Brief descriptive captions
=-=-=

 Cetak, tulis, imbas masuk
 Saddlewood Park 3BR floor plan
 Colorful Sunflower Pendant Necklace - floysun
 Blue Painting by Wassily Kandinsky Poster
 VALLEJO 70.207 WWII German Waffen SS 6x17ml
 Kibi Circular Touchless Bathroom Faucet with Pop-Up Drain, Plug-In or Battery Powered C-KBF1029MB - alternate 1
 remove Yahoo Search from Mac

=-=-=

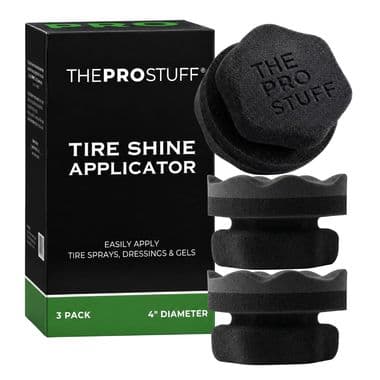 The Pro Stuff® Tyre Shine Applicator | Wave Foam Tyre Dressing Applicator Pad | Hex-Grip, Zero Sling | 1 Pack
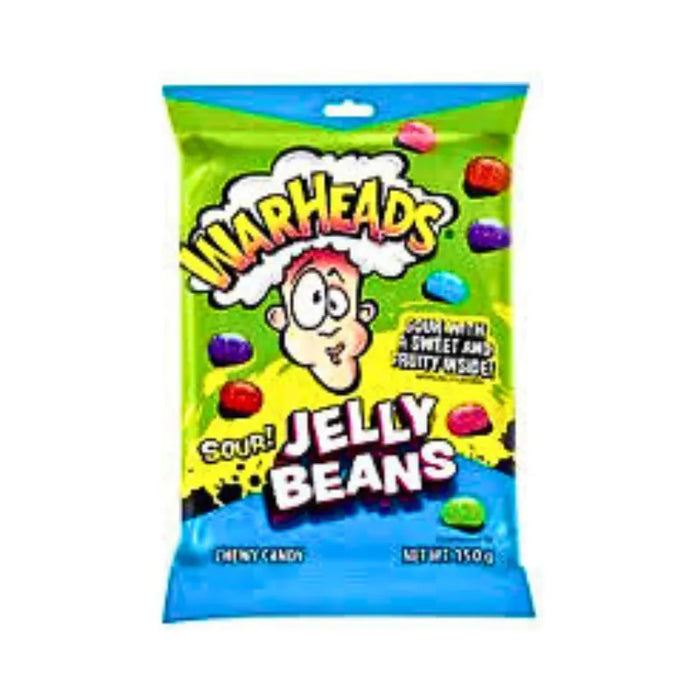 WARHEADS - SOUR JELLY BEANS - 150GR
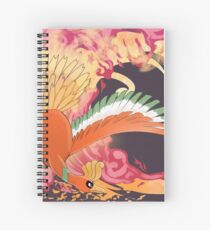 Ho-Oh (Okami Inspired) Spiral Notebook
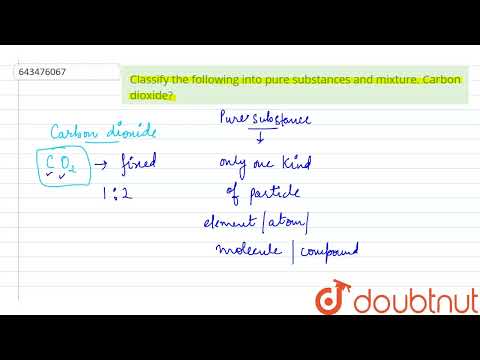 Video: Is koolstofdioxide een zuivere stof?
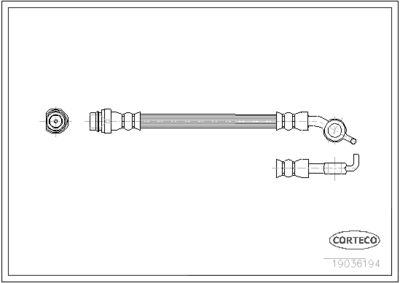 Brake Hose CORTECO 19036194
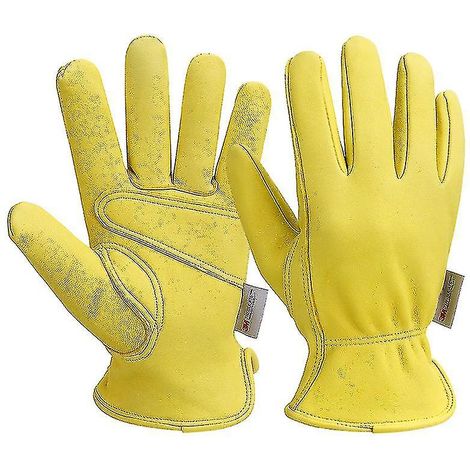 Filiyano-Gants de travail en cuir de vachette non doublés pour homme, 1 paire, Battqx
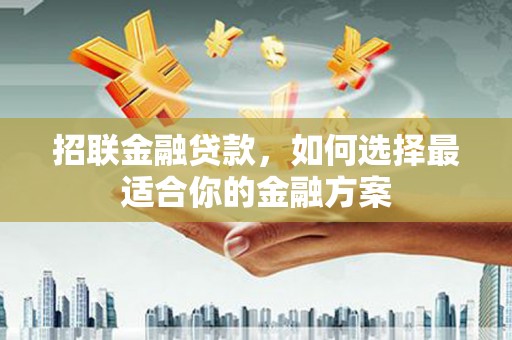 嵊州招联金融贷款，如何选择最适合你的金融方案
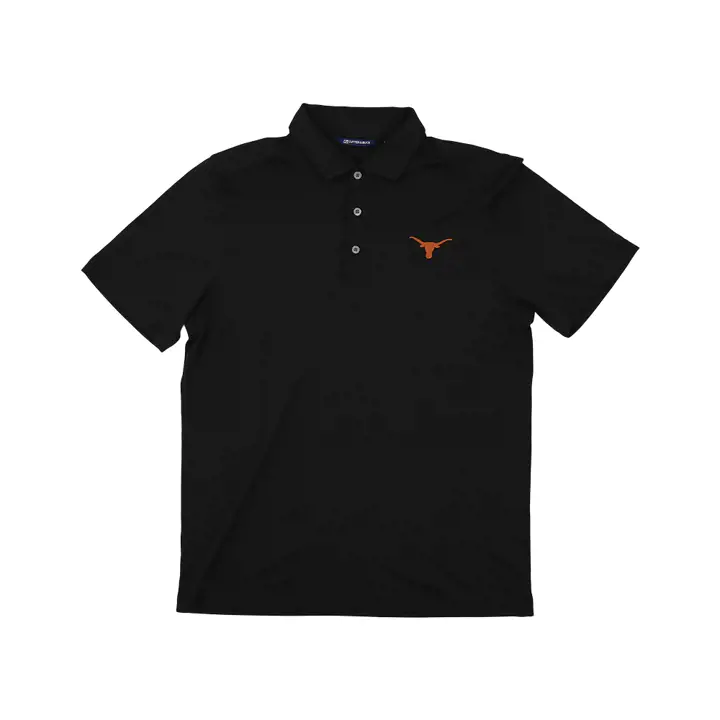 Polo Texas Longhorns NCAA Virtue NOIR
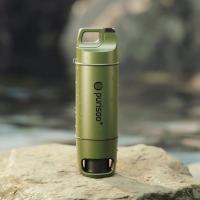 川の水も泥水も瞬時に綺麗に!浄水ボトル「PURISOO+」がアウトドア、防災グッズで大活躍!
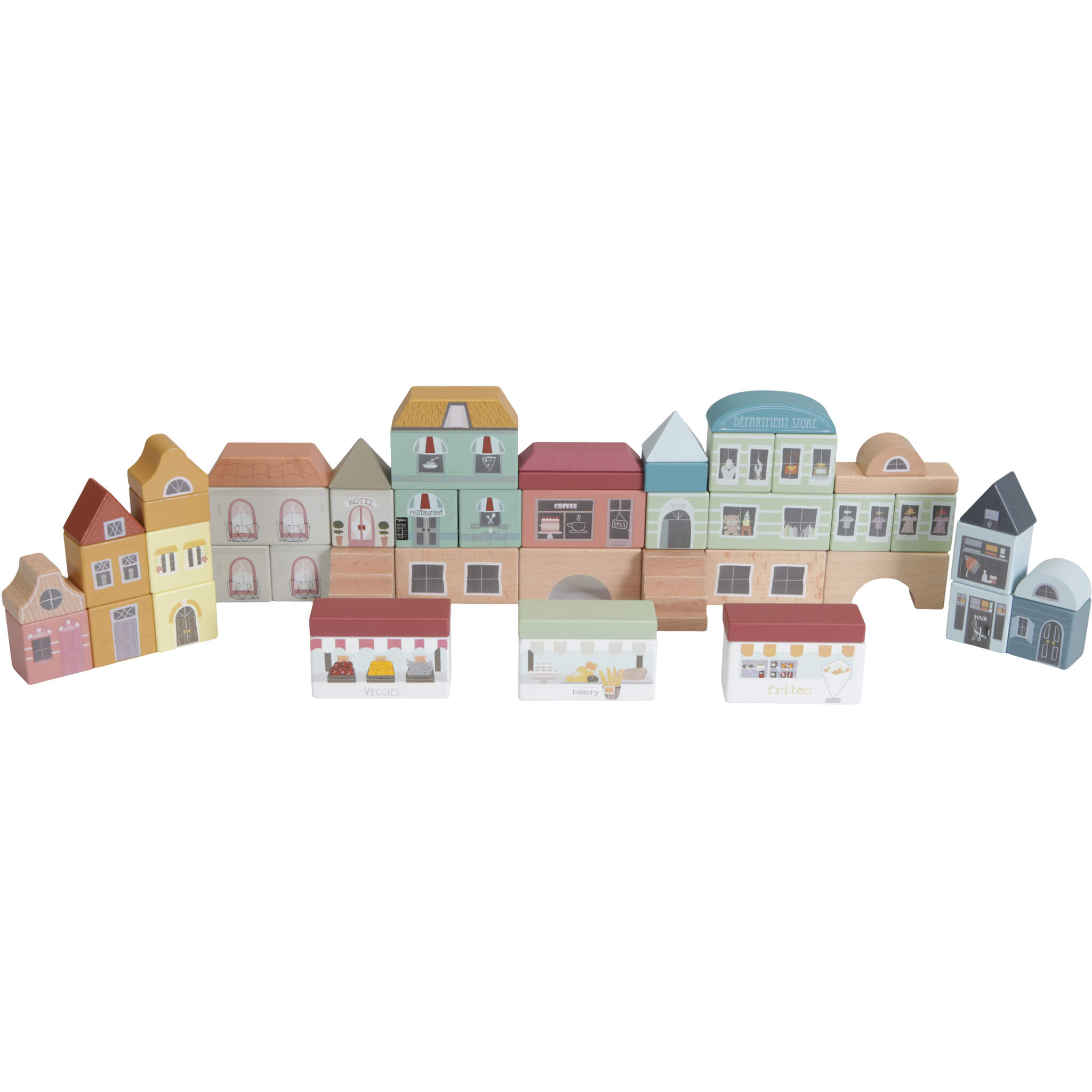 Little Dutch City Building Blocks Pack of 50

=-=-=

> ASSIGNMENT
Copy the records above exactly, beginning at the line that contains "Kibi Circular Touchless" and stopping after the line that contains "remove Yahoo Search from Mac".

> TASK OUTPUT
 Kibi Circular Touchless Bathroom Faucet with Pop-Up Drain, Plug-In or Battery Powered C-KBF1029MB - alternate 1
 remove Yahoo Search from Mac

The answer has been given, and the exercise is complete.